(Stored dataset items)
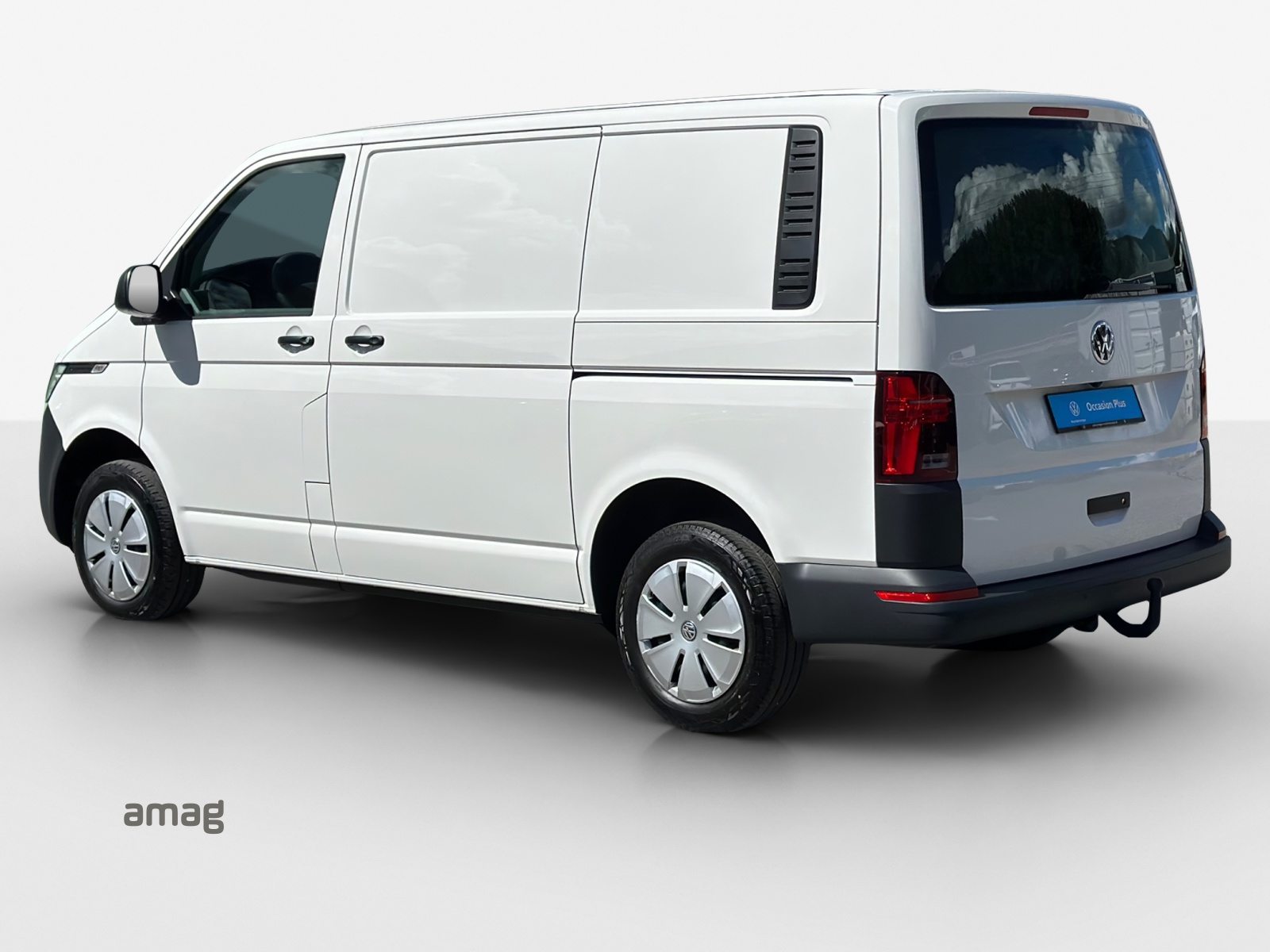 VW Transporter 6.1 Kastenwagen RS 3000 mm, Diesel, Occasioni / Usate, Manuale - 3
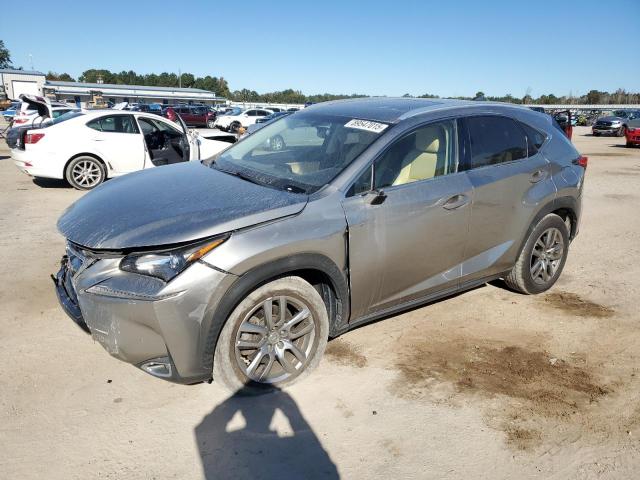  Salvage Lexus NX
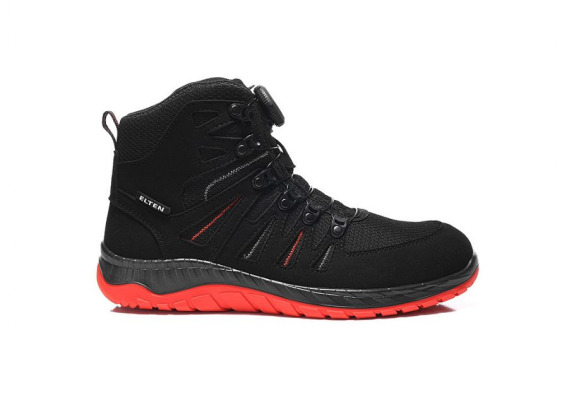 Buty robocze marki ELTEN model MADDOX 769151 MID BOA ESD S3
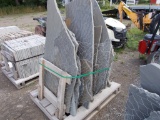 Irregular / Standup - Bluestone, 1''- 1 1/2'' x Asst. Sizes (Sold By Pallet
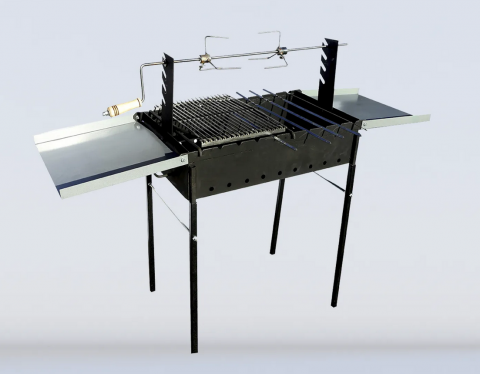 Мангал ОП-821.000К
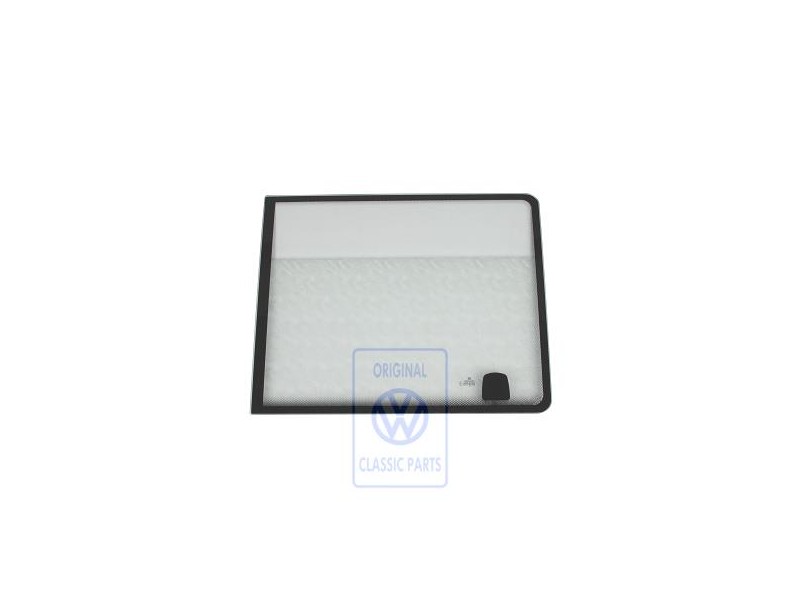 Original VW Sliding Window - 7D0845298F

EXERCISE AIM: The entries above are to be reproduced exactly, with the pictures dropped.

REPLY TO THE TASK:
 VW Transporter 6.1 Kastenwagen RS 3000 mm, Diesel, Occasioni / Usate, Manuale - 3
  Salvage Lexus NX
 Buty robocze marki ELTEN model MADDOX 769151 MID BOA ESD S3
 Irregular / Standup - Bluestone, 1''- 1 1/2'' x Asst. Sizes (Sold By Pallet
 Мангал ОП-821.000К
 Original VW Sliding Window - 7D0845298F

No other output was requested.